What struck me in the snatches of the service I caught amidst the excitement of Freddie getting ready for rugby was the way the transcendent was avoided during the service. Swing Low Sweet Chariot was sung very beautifully and its central biblical imagery noted while origins –or at least use–in the American Civil Rights movement was mentioned. But that central biblical imagery–the chariots of fire which of course also give the name to the famous film dramatizing social and religious exclusion and exclusiveness–was not explored. There was no mention of the transcendent source of deliverance. Nor was there any mention of the ways that transcendence dwells in the everyday. In fact, the biblical passages speaks of this tension (2 Kings 6: 15ff):
15 When an attendant of the man of God rose early in the morning and went out, an army with horses and chariots was all around the city. His servant said, “Alas, master! What shall we do?” 16 He replied, “Do not be afraid, for there are more with us than there are with them.” 17 Then Elisha prayed: “OLord, please open his eyes that he may see.” So the Lord opened the eyes of the servant, and he saw; the mountain was full of horses and chariots of fire all around Elisha.
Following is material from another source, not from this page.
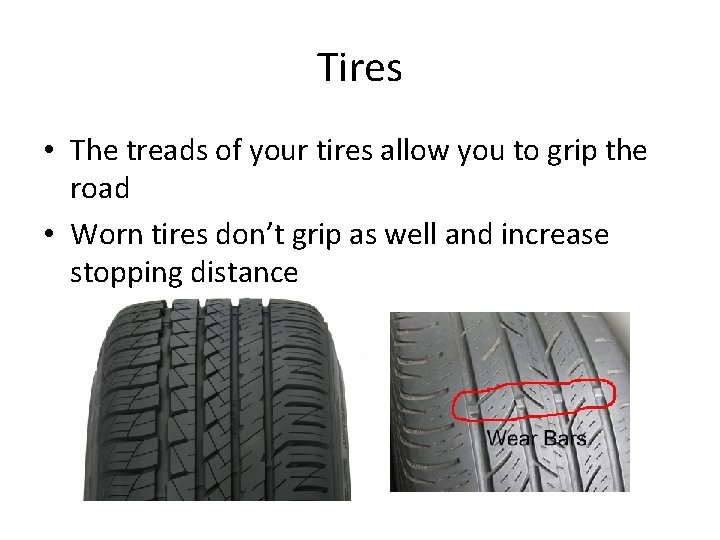 Tires • The treads of your tires allow you to grip the road •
We are –perhaps quite rightly–hesitant these days to talk about what seems a Deus-ex-machina kind of God. But we also run the risk of forgetting that a crucial dimension of the Christian story and message is in the midst and beyond as the chariots are fire are.
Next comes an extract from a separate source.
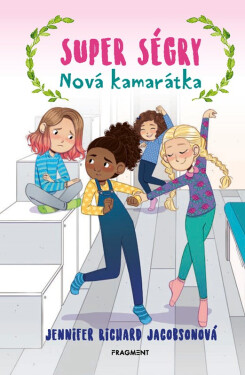 Super ségry 4 - Nová kamarátka - Jennifer Richard Jacobson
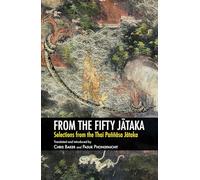 From the Fifty Jātaka: Selections from the Thai Paññāsa Jātaka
As it happens, the lectionary gives us a story for today which brings us towards confronting the transcendent, the ultimate.
In Mark’s Gospel, Jesus takes measures to try to stop his disciples telling people who he is as the Messiah. This is partly because what people would expect him to be as the Messiah: a political revolutionary who would liberate his people from the Roman oppressor was now what he was. In Mark’s Gospel, the first person who does recognise him is in fact a Roman—the centurion at the foot of the Cross.
Jesus’ identity is revealed in his marginalization, his disabling by society, and yet it is that very society and its power which recognizes who he is at the point of ultimate disablement on the Cross.
Today we may go on about “when we receive a child and receiving Christ and the Father.” The call to receive refugees seems clear. But do we recognize too that the child in the biblical world is the marginal, the absolutely powerless, the dis-abled. We are called to stand with the disabled and so to open our hearts and our homes to the marginal–the transcendent among but also beyond us.